Snap apps might not be everyone’s favourite Linux packaging format — sort out that theme, yo! — but there’s no denying that momentum is gathering behind the tech, particularly from commercial app vendors like Microsoft.
A key selling point snap apps have over traditional app distribution methods is improved security.
Snap apps, the Snapcraft website boasts, are “safe to run”:
“Not only are snaps kept separate, their data is kept separate too. Snaps communicate with each other only in ways that you approve”
A great example of the control we have over these sandboxed apps can be found in the desktop Ubuntu Software store.
Here, a “Permissions” button is shown in the store listing for Snaps you have installed. Clicking the button opens a small dialog with options to enable/disable various permissions:
In the screenshot above you can see the permissions dialog presented for the official Spotify snap app, which I have installed on my system.

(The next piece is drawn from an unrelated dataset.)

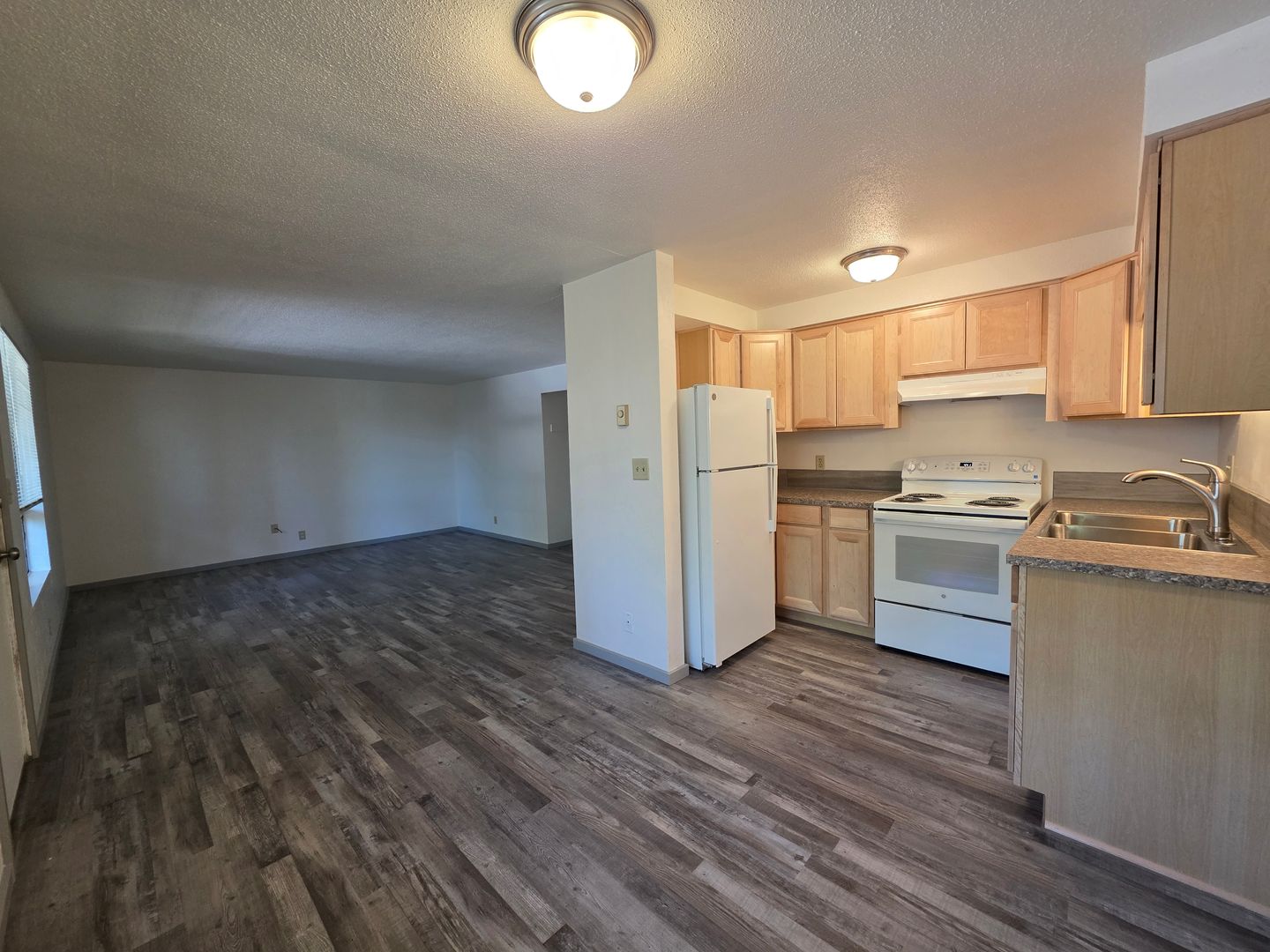 Eugene Apartment: 2785 Oak Street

It lists three permissions that I, as a user, have control over, two of which are enabled:
- Access files in your home folder
- Read system mount information and disk quotas
- Play and record sound
When I installed (and first launched) the Spotify snap app I was not asked to grant any of the permissions that are listed. So why and how are they already enabled?
Remember to Check Auto-connect Permissions
Certain permissions (‘interfaces‘ in Snapcraft parlance) are granted automatically when you make the decision to install a Snap app.

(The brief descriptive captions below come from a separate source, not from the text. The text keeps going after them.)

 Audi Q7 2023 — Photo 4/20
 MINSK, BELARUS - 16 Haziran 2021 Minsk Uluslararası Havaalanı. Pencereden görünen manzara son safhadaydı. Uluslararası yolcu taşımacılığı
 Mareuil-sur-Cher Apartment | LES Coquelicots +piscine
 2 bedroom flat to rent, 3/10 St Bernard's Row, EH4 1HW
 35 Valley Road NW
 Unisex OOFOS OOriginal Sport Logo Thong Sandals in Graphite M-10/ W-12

You can enable/disable Snap app permissions at any time, just like on recent versions Android
These “auto connect” permissions typically cater to core functionality, such as being able to draw a window using the display server, or play sound through your speakers.
Other auto connect permissions tend to be helpful rather than functional, like allowing an app to open non-hidden files kept in your home directory.
Canonical encourages Snap app developers to make interfaces optional where possible, and suggests that devs instead ask users to enable a permission via an in-app dialog the first time they try to access a feature that has additional requirements.
The benefit with Snap versions of apps is that you’re (mostly) in control of these permissions, even after they’ve been granted or okayed.
You can enable/disable Snap app permissions at any time, just like on more recent versions Android.
And my screen you can see that Spotify has access to read my home folder files. I don’t want Spotify to be able to have this access because, quite simply, I have zero intention of using Spotify to play local MP3 files (a feature people often forget it has).
Using the Snap permissions manager in the Ubuntu Software tool I can disable that ability very easily.
No command line flags, no hidden dconf settings, no drama; just straightforward control over the software that’s running on my system.